My wife moved out last night

Mutual decision. We tried to hang out after two days apart but the tension was too high. She keeps getting "triggered" and gets all weird and silent and tense and I can't handle it.

This basically isn't even about polyamory anymore...it's about me deciding I'm going to take care of my own needs and not pander to her mental conditions and ridiculous accommodation requirements that squish who I am. I just can't do it. And I also told her I can't be her caretaker anymore.

So we decided she should go to her condo and we should not see each other for a while. I handed over all of her medications (scary, because I had to manage them due to her recurring suicidality), and sent her off in an Uber.

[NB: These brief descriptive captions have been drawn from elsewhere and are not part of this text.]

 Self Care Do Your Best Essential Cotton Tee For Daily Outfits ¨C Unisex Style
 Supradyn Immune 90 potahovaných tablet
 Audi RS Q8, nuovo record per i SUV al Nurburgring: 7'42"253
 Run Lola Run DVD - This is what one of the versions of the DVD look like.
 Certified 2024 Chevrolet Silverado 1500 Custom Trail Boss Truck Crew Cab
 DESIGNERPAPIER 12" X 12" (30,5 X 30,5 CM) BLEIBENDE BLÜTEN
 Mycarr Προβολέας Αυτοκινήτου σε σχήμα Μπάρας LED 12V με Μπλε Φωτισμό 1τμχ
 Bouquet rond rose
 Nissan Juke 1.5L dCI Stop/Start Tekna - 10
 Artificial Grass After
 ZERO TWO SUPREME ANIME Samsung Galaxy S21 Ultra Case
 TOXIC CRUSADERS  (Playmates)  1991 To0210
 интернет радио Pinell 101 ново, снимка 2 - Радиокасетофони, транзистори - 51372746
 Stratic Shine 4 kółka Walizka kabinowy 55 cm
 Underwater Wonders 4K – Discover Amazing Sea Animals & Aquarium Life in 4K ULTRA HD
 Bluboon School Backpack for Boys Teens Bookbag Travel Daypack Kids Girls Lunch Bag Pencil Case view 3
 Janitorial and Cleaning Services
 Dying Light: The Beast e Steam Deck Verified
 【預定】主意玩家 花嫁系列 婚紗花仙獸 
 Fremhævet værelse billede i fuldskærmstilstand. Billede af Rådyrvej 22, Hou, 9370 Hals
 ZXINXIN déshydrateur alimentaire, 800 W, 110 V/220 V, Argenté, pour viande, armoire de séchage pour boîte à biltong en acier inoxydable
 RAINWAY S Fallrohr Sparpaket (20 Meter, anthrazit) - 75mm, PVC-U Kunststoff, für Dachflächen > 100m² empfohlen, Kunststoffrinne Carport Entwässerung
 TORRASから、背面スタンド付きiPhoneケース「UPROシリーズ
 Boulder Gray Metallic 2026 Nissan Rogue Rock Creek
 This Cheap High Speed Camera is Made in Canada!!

I feel relieved and free. She is someone with Borderline Personality Disorder who refuses to acknowledge that those symptoms are the reason she behaves the way she does and that it's affecting how she relates to people. She thinks all people are bad and "mean", but it's HER.
 
Regardless of what problems you and your wife are having, it might be a good idea to call a friend of hers that wouldn't mind checking in on her. If your wife has been suicidal in the past, making sure she is safe should be the priority.
 
There is someone there...her ex still lives at the condo but they also work during the day like I do. My wife does not work, so she's home alone all day. But at least someone will be there in the evenings for now.

The thing is, her therapist AND mine have told me that it's not my responsibility to "keep her alive". I adjusted my life SO MUCH for her, completely neglecting my own needs in the process until I was miserable.

Of course I do still love her, but I cannot be responsible for what she does. I cannot manage her life from afar. She has to learn to be responsible for herself and stop using people.
 
Your therapists are correct. Each is responsible for their own life. You cannot stop her from suicide. Only she can, because it is her hand holding the weapon. (whatever method she is likely to employ.)

It is ok to reach your limit and walk away. If you are no longer her next of kin as spouse, and she is wonky, could alert her therapist/next of kin this is where it is at. Then step back and let it be what it will be. No longer your stuff.

I mean all that kindly. :eek:

I can see from your other posts that it's not been an easy journey for you emotionally.

Hang in there.
Galagirl
 
Yeah, it's been hard.

Technically we are still married, but for my own sanity, I can't be responsible for her.

She has therapy today so I trust she'll work out her own issues I guess.
 
I've been there. and ultimately, I had to make the same choice. I simply don't have the strength to keep someone alive. That is too great a burden for someone to have to deal with. It's a place I'm standing on the precipice for once again, if in a different way.

Ultimately, I am responsible for my own health and happiness, and if that is in jeopardy, I'm in no position to take care of anyone else. I'm responsible for myself, and my children who cannot care for themselves. I will support anyone who needs it, but the final responsibility for their choices lie with them.
 
Hi ilovestrawberries,

BPD can be a really difficult condition to live around. Based on what I've read in this thread, I think you made the right decision.
 
Hi strawberries. I just reread some of your threads, and read those ones I'd missed while away on vacation...

I did not see you mention your wife was a transwoman until now. Nor did I see you mention her having Borderline Personality Disorder, just PTSD! Wow, that is a lot to deal with.

I feel empathy for you, since my gf miss pixi is a transwoman, and 22 years my junior. (I'm almost 59, she's 37). And while she does not have BPD, she has been in therapy and on antidepressents for over 5 years for anxiety disorder. She's been bullied and raped in the past as well.

One of my adult daughters has BPD. She was born different, the syndrome didn't come from how she was raised, or specific traumas. She was a high needs baby and child and started exhibiting bulimia, substance abuse, self harming, OCD and bipolar behavior in her early teens. Now she is 26 and her father and I are holding our breath, she seems to be finally showing improvement after 11 years of therapy, psych wards, rehab and sober homes. She was even a street prostitute for a while, getting money for her crack addiction, so it's amazing. She's found Jesus (as a pagan/atheist this wouldnt work for me, but it seems to be helping her), she got married to a calm guy who seems crazy about her and calm enough to help her stability, and she is now happily pregnant.

I am not sure how old your wife is, but I do feel that age 27-30 can be a turnaround point for sensitive types like my daughter and your wife. It's a make it or break it time.

Have you read Stop Walking on Eggshells? It's a book written partly by people with BPD, a sort of how to book for their friends and family on how to draw boundaries and stop allowing yourself to be used and abused by your BPD loved one. It helped me a lot with my daughter.

I know you are pulling back, but do have many sad and confused feelings. Maybe reading that book would help.